I’ve educated some closer friends on knackered and jumper (in the US, a sleeveless dress), and whilst other entries such as launderette and [five dollar] note sound a bit off, they’re close enough to be understood, but there are still a few which I had no idea are utterly baffling to folks over here. I found it amazing that strop is nearly unknown and that I would be completely incoherent were I to say that someone mincing around was a bit camp. Let’s examine a few more though:
If, feeling a bit peckish I put some petrol in my motor and popped off for a pukka hot pasty, no-one would think me a plonker, but things might go a bit pear-shaped if I asked for some Spotted Dick – they might think I was a bit of a ponce (not to be confused with a nonce). If I then suggested some toad in the hole, they’d probably think I was just another pisshead out on the razz and chuck me out into the street arse over tit.
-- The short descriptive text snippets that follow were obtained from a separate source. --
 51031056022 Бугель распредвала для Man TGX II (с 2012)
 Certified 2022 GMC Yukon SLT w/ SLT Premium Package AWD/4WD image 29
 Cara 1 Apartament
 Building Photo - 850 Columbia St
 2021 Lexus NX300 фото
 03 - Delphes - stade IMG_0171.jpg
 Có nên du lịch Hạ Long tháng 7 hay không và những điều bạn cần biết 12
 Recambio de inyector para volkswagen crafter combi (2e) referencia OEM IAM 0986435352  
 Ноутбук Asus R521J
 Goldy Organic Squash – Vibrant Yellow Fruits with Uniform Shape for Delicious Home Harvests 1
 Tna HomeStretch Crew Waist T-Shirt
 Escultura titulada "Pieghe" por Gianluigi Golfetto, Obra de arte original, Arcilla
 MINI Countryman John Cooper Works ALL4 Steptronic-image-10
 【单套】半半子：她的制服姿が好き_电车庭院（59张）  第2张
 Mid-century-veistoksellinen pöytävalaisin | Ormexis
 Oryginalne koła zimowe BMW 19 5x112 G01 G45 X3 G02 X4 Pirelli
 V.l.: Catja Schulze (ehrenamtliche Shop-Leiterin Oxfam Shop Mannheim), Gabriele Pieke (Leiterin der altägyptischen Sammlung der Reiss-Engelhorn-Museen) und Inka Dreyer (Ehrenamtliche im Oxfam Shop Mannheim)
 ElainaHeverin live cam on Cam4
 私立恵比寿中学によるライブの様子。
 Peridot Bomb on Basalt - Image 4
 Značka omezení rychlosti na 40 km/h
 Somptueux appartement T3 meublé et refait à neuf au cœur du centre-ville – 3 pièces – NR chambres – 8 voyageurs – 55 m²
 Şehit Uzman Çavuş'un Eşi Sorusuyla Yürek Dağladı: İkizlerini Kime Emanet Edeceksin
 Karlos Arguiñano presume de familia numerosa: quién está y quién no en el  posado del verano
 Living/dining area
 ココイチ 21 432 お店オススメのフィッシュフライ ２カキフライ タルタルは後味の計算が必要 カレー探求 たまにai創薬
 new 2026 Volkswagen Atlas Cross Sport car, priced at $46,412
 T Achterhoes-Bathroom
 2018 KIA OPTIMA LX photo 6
The roads, though, can be a curious affair. If, just past the motorway, the flyover, or the dual carriageway you were to be waiting on the pavement under the Belisha beacons at a Zebra crossing, then Americans would think you were talking codswallop when you mentioned cats-eyes, sleeping policemen or suggested that, because of the roundabout, perhaps it would have been better to take the subway to cross the tarmac instead.
The bedroom could be an infinitely embarrassing source of confusion too, given the British predilection for social-awkwardness and the number of sexually-themed words appearing in our fine list. On the plus side (questions of chivalry aside), a Page 3 quality bird probably wouldn’t have the nous be upset if you called her a slag or a bint but, she might think you a bit twee if you asked her for a snog or tried to get her kit off. My mother reads this, so I won’t avail myself of the rest of the sexual entries, but I will just let my American friends know that blower, cack-handed and suck it and see wouldn’t have made it into this paragraph, whereas copping off and topping are indeed precursors to rogering some totty.
Honestly, I find it amazing I’ve ever managed to have a conversation over here.